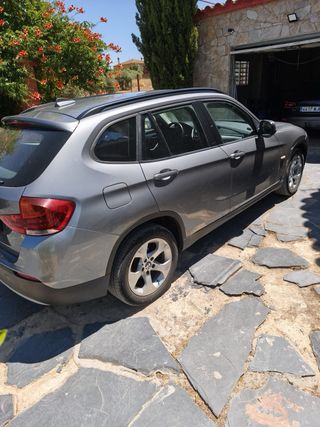 BMW X1 2011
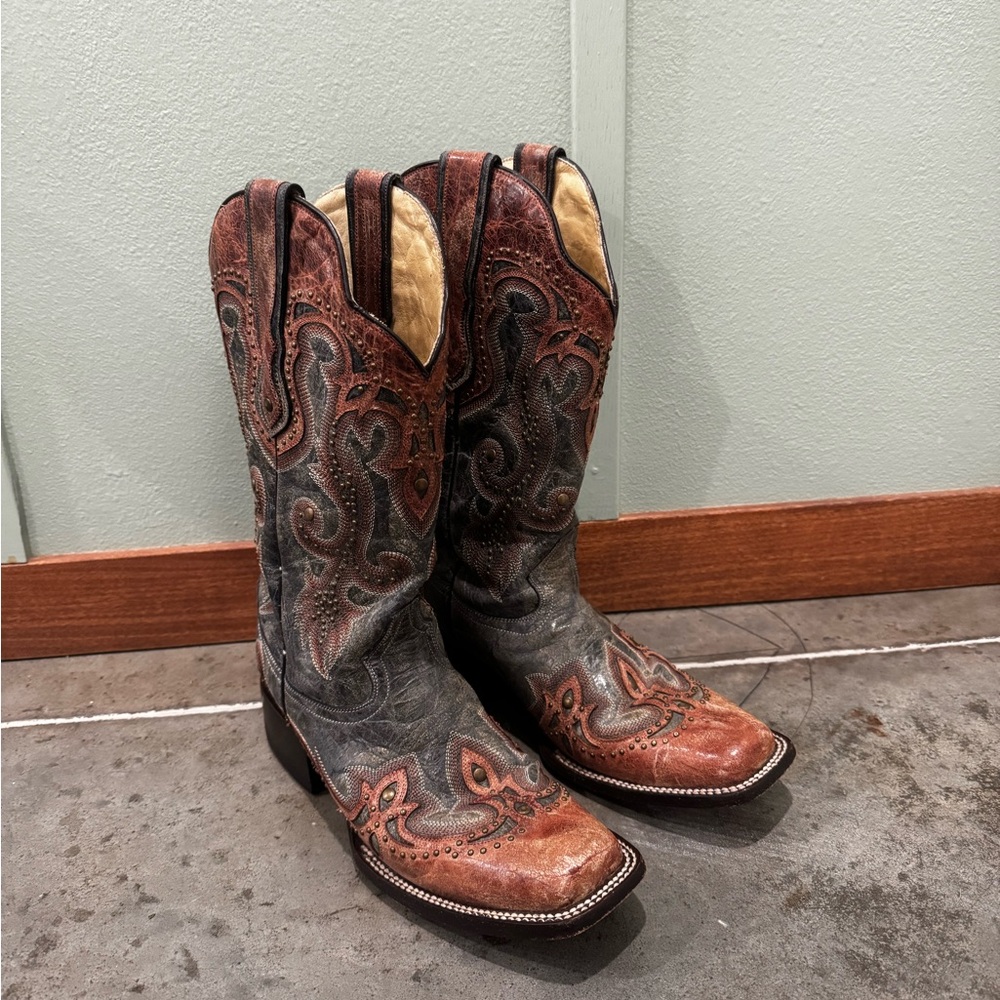 Women's Western Embroidered Leather Boots - image 1
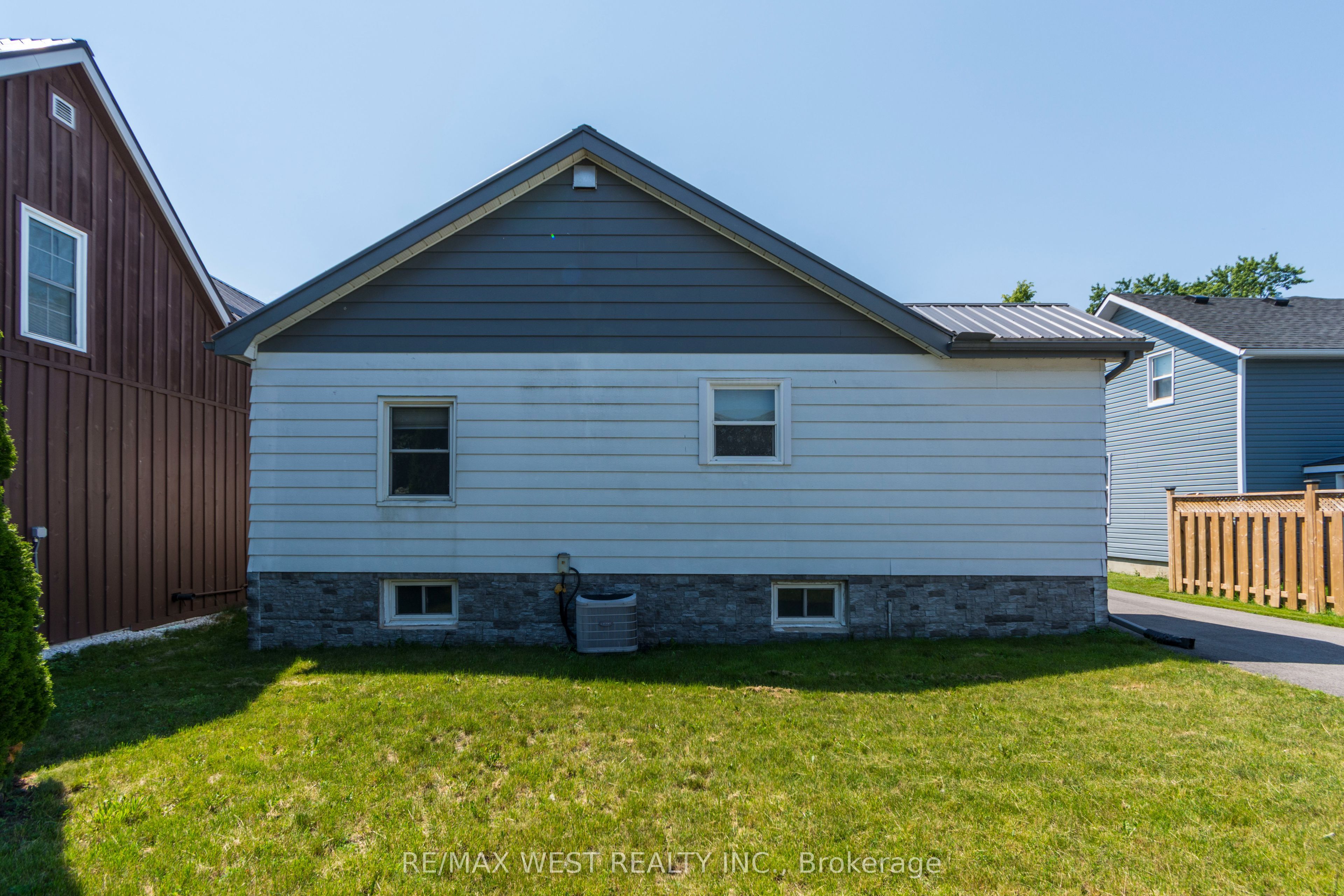 4 George Street Property Photo 25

• Directions:
Type the listing out again word for word, passing over each picture.

• Exercise output:
 BMW X1 2011
 Women's Western Embroidered Leather Boots - image 1
 4 George Street Property Photo 25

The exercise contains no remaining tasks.